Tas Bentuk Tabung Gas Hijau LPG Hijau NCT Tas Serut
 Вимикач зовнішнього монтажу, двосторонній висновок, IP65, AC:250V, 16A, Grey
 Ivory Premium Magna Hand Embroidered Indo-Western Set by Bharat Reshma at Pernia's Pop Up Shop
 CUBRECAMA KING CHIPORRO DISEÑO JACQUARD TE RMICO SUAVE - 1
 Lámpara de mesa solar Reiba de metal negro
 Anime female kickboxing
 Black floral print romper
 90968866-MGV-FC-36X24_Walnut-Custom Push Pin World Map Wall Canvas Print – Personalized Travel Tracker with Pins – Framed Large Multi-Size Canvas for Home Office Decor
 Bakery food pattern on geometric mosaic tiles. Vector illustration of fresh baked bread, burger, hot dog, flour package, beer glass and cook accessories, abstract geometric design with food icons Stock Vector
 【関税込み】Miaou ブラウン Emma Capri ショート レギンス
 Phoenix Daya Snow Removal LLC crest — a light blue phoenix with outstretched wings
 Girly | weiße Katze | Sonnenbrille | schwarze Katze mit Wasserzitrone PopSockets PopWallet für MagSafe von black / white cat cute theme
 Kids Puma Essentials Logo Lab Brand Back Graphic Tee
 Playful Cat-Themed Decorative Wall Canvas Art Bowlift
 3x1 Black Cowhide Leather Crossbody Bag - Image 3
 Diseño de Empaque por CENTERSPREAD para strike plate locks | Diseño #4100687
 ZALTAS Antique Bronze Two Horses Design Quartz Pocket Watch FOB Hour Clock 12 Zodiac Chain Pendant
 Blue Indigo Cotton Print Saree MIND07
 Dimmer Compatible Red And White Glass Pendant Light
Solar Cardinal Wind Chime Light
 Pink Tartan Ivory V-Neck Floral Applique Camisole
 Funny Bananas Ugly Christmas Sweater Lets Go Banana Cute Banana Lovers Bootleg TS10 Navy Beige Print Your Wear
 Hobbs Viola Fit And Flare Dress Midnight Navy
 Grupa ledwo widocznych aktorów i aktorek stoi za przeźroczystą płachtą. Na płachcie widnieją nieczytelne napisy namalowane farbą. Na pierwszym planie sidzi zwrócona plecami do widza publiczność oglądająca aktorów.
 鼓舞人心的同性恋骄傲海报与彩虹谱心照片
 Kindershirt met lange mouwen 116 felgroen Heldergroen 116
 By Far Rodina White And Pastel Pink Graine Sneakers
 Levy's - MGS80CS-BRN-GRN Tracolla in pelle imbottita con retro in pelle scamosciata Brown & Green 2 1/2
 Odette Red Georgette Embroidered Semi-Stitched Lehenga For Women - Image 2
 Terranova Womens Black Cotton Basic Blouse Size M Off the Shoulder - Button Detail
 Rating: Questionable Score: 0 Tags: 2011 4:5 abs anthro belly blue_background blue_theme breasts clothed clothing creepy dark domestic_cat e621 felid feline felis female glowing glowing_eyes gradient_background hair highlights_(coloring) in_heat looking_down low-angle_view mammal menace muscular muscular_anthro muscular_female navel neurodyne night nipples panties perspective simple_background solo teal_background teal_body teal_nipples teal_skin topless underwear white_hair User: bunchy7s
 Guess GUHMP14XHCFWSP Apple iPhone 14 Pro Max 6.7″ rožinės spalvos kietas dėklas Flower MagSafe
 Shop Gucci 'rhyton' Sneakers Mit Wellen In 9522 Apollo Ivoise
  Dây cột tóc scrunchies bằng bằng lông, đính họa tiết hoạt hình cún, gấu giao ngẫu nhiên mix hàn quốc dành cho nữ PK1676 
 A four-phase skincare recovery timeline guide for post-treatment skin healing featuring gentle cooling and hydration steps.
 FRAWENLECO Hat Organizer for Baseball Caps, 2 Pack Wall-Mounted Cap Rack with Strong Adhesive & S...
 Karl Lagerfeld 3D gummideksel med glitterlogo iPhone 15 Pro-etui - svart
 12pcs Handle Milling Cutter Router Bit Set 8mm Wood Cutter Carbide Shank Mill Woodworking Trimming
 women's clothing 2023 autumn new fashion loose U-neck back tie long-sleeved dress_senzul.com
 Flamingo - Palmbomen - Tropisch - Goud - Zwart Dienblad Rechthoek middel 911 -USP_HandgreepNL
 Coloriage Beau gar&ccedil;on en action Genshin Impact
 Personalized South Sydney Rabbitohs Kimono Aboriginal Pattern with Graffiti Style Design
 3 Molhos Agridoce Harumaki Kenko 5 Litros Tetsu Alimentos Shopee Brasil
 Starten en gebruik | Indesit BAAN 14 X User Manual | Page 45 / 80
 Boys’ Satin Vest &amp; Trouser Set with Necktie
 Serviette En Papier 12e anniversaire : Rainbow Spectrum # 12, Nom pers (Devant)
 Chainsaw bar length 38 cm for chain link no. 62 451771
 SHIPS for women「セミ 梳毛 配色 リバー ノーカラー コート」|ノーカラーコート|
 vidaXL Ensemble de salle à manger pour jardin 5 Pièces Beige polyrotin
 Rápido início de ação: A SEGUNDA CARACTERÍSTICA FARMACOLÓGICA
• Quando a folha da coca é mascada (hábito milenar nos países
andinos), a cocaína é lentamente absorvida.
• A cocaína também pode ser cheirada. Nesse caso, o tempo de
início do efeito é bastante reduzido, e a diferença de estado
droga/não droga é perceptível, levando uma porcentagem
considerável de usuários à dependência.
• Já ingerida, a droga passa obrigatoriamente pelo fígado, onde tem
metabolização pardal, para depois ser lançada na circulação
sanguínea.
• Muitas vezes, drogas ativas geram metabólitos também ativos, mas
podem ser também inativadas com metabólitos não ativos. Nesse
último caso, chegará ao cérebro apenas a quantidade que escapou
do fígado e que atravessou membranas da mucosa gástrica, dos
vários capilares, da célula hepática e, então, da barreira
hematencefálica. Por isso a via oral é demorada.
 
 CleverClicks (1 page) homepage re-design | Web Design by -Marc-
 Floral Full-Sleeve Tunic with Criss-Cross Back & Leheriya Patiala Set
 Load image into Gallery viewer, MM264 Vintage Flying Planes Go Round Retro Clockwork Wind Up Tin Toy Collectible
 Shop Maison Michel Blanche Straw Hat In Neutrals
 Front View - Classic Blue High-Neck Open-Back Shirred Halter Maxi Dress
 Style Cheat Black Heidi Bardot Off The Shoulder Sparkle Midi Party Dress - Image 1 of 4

****************************************

> [Description of the task] From start to finish, retype the records above with complete accuracy.

> [Written response]
Tas Bentuk Tabung Gas Hijau LPG Hijau NCT Tas Serut
 Вимикач зовнішнього монтажу, двосторонній висновок, IP65, AC:250V, 16A, Grey
 Ivory Premium Magna Hand Embroidered Indo-Western Set by Bharat Reshma at Pernia's Pop Up Shop
 CUBRECAMA KING CHIPORRO DISEÑO JACQUARD TE RMICO SUAVE - 1
 Lámpara de mesa solar Reiba de metal negro
 Anime female kickboxing
 Black floral print romper
 90968866-MGV-FC-36X24_Walnut-Custom Push Pin World Map Wall Canvas Print – Personalized Travel Tracker with Pins – Framed Large Multi-Size Canvas for Home Office Decor
 Bakery food pattern on geometric mosaic tiles. Vector illustration of fresh baked bread, burger, hot dog, flour package, beer glass and cook accessories, abstract geometric design with food icons Stock Vector
 【関税込み】Miaou ブラウン Emma Capri ショート レギンス
 Phoenix Daya Snow Removal LLC crest — a light blue phoenix with outstretched wings
 Girly | weiße Katze | Sonnenbrille | schwarze Katze mit Wasserzitrone PopSockets PopWallet für MagSafe von black / white cat cute theme
 Kids Puma Essentials Logo Lab Brand Back Graphic Tee
 Playful Cat-Themed Decorative Wall Canvas Art Bowlift
 3x1 Black Cowhide Leather Crossbody Bag - Image 3
 Diseño de Empaque por CENTERSPREAD para strike plate locks | Diseño #4100687
 ZALTAS Antique Bronze Two Horses Design Quartz Pocket Watch FOB Hour Clock 12 Zodiac Chain Pendant
 Blue Indigo Cotton Print Saree MIND07
 Dimmer Compatible Red And White Glass Pendant Light
Solar Cardinal Wind Chime Light
 Pink Tartan Ivory V-Neck Floral Applique Camisole
 Funny Bananas Ugly Christmas Sweater Lets Go Banana Cute Banana Lovers Bootleg TS10 Navy Beige Print Your Wear
 Hobbs Viola Fit And Flare Dress Midnight Navy
 Grupa ledwo widocznych aktorów i aktorek stoi za przeźroczystą płachtą. Na płachcie widnieją nieczytelne napisy namalowane farbą. Na pierwszym planie sidzi zwrócona plecami do widza publiczność oglądająca aktorów.
 鼓舞人心的同性恋骄傲海报与彩虹谱心照片
 Kindershirt met lange mouwen 116 felgroen Heldergroen 116
 By Far Rodina White And Pastel Pink Graine Sneakers
 Levy's - MGS80CS-BRN-GRN Tracolla in pelle imbottita con retro in pelle scamosciata Brown & Green 2 1/2
 Odette Red Georgette Embroidered Semi-Stitched Lehenga For Women - Image 2
 Terranova Womens Black Cotton Basic Blouse Size M Off the Shoulder - Button Detail
 Rating: Questionable Score: 0 Tags: 2011 4:5 abs anthro belly blue_background blue_theme breasts clothed clothing creepy dark domestic_cat e621 felid feline felis female glowing glowing_eyes gradient_background hair highlights_(coloring) in_heat looking_down low-angle_view mammal menace muscular muscular_anthro muscular_female navel neurodyne night nipples panties perspective simple_background solo teal_background teal_body teal_nipples teal_skin topless underwear white_hair User: bunchy7s
 Guess GUHMP14XHCFWSP Apple iPhone 14 Pro Max 6.7″ rožinės spalvos kietas dėklas Flower MagSafe
 Shop Gucci 'rhyton' Sneakers Mit Wellen In 9522 Apollo Ivoise
  Dây cột tóc scrunchies bằng bằng lông, đính họa tiết hoạt hình cún, gấu giao ngẫu nhiên mix hàn quốc dành cho nữ PK1676 
 A four-phase skincare recovery timeline guide for post-treatment skin healing featuring gentle cooling and hydration steps.
 FRAWENLECO Hat Organizer for Baseball Caps, 2 Pack Wall-Mounted Cap Rack with Strong Adhesive & S...
 Karl Lagerfeld 3D gummideksel med glitterlogo iPhone 15 Pro-etui - svart
 12pcs Handle Milling Cutter Router Bit Set 8mm Wood Cutter Carbide Shank Mill Woodworking Trimming
 women's clothing 2023 autumn new fashion loose U-neck back tie long-sleeved dress_senzul.com
 Flamingo - Palmbomen - Tropisch - Goud - Zwart Dienblad Rechthoek middel 911 -USP_HandgreepNL
 Coloriage Beau gar&ccedil;on en action Genshin Impact
 Personalized South Sydney Rabbitohs Kimono Aboriginal Pattern with Graffiti Style Design
 3 Molhos Agridoce Harumaki Kenko 5 Litros Tetsu Alimentos Shopee Brasil
 Starten en gebruik | Indesit BAAN 14 X User Manual | Page 45 / 80
 Boys’ Satin Vest &amp; Trouser Set with Necktie
 Serviette En Papier 12e anniversaire : Rainbow Spectrum # 12, Nom pers (Devant)
 Chainsaw bar length 38 cm for chain link no. 62 451771
 SHIPS for women「セミ 梳毛 配色 リバー ノーカラー コート」|ノーカラーコート|
 vidaXL Ensemble de salle à manger pour jardin 5 Pièces Beige polyrotin
 Rápido início de ação: A SEGUNDA CARACTERÍSTICA FARMACOLÓGICA
• Quando a folha da coca é mascada (hábito milenar nos países
andinos), a cocaína é lentamente absorvida.
• A cocaína também pode ser cheirada. Nesse caso, o tempo de
início do efeito é bastante reduzido, e a diferença de estado
droga/não droga é perceptível, levando uma porcentagem
considerável de usuários à dependência.
• Já ingerida, a droga passa obrigatoriamente pelo fígado, onde tem
metabolização pardal, para depois ser lançada na circulação
sanguínea.
• Muitas vezes, drogas ativas geram metabólitos também ativos, mas
podem ser também inativadas com metabólitos não ativos. Nesse
último caso, chegará ao cérebro apenas a quantidade que escapou
do fígado e que atravessou membranas da mucosa gástrica, dos
vários capilares, da célula hepática e, então, da barreira
hematencefálica. Por isso a via oral é demorada.
 
 CleverClicks (1 page) homepage re-design | Web Design by -Marc-
 Floral Full-Sleeve Tunic with Criss-Cross Back & Leheriya Patiala Set
 Load image into Gallery viewer, MM264 Vintage Flying Planes Go Round Retro Clockwork Wind Up Tin Toy Collectible
 Shop Maison Michel Blanche Straw Hat In Neutrals
 Front View - Classic Blue High-Neck Open-Back Shirred Halter Maxi Dress
 Style Cheat Black Heidi Bardot Off The Shoulder Sparkle Midi Party Dress - Image 1 of 4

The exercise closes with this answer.